» **DESCRIPTION OF THE TASK**
Your answer should hold the data exactly as given, minus any picture.

** EXTRACTED INFORMATION follows **

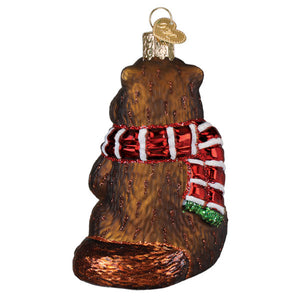 Brown glass merry marmot ornament shaped like a bear with a red white striped scarf and green fringe figural decor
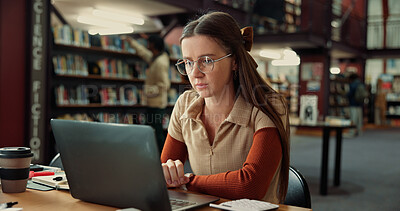 Buy stock photo Student, serious woman and laptop in library for education, learning or accounting course in college. University, computer and girl on internet to research assignment, study knowledge or scholarship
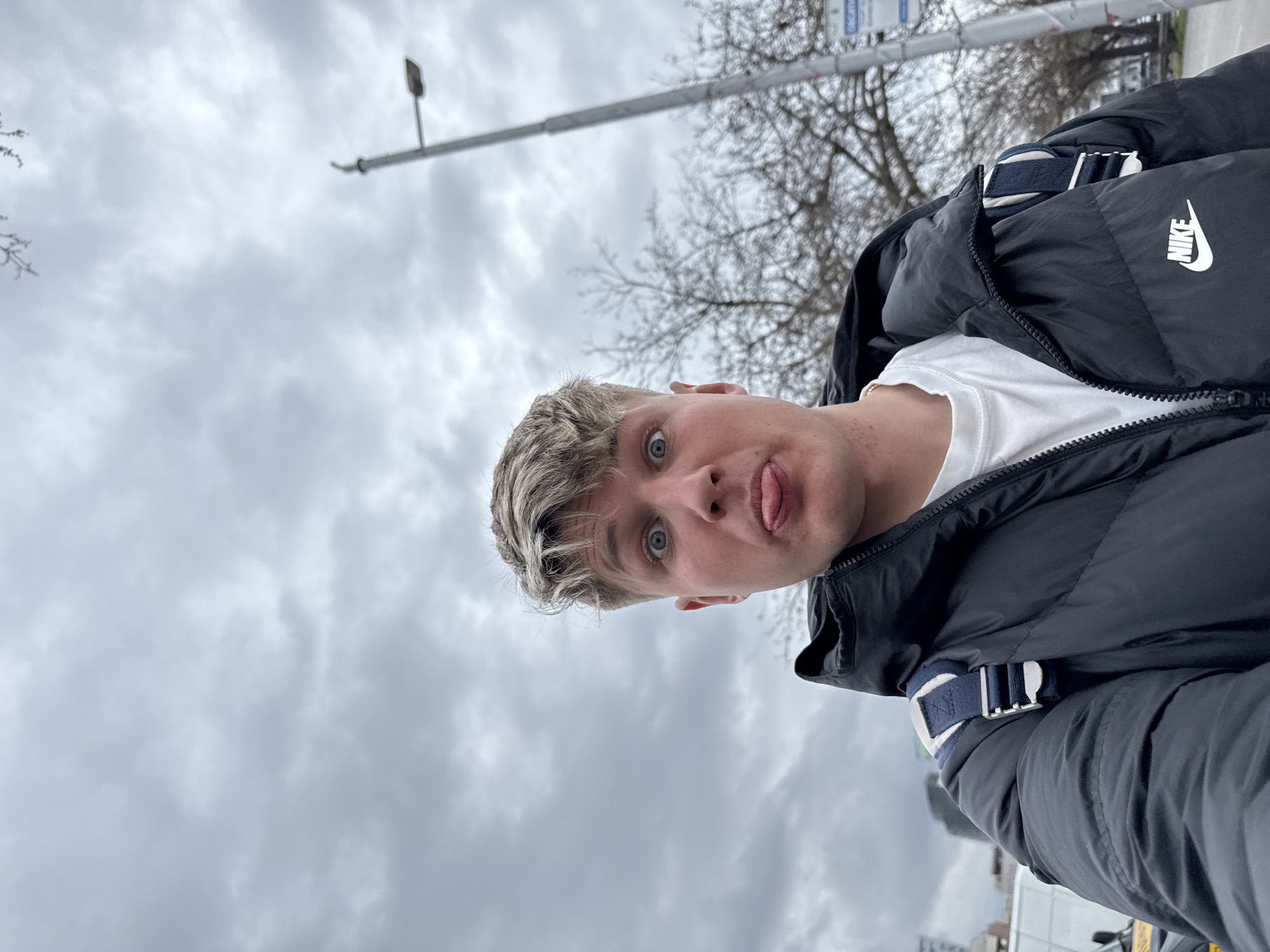 Young man walks dog, takes selfies in Plovdiv park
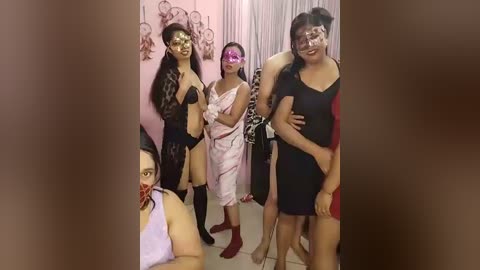 Video of five women in a dimly lit room, wearing black and white lingerie, with one wearing a pink mask.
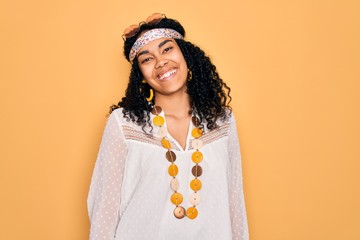 Young african american curly hippie woman wearing sunglasses and vintage accessories winking...
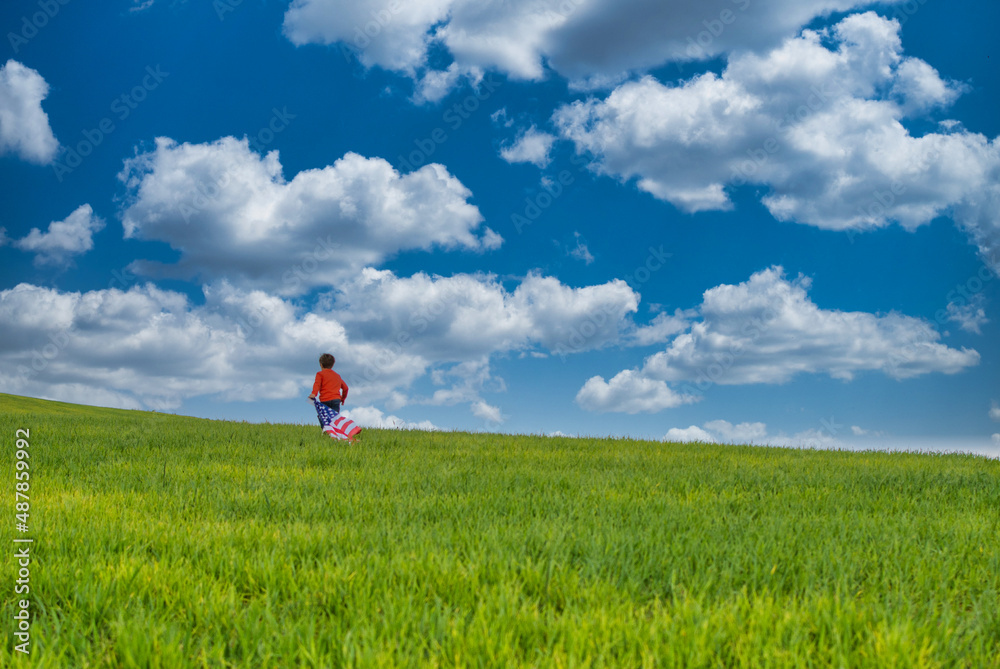 Child Running And Enjoying Himself In A Green Meadow With A Dramatic Sky. He Bears The Flag Of The United States, Wears A Red T-shirt And Jeans. Image With Copy Space. Nature And People. Child Running And Enjoying Himself In A Green Meadow With A Dramatic Sky. He Bears The Flag Of The United States, Wears A Red T-shirt And Jeans. Image With Copy Space. Nature And People.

** End of EXTRACTED INFORMATION **

» **OUTPUT FOR THIS EXERCISE**
 Brown glass merry marmot ornament shaped like a bear with a red white striped scarf and green fringe figural decor
 Buy stock photo Student, serious woman and laptop in library for education, learning or accounting course in college. University, computer and girl on internet to research assignment, study knowledge or scholarship
 Young man walks dog, takes selfies in Plovdiv park
 Video of five women in a dimly lit room, wearing black and white lingerie, with one wearing a pink mask.
 Young african american curly hippie woman wearing sunglasses and vintage accessories winking...
 Child Running And Enjoying Himself In A Green Meadow With A Dramatic Sky. He Bears The Flag Of The United States, Wears A Red T-shirt And Jeans. Image With Copy Space. Nature And People. Child Running And Enjoying Himself In A Green Meadow With A Dramatic Sky. He Bears The Flag Of The United States, Wears A Red T-shirt And Jeans. Image With Copy Space. Nature And People.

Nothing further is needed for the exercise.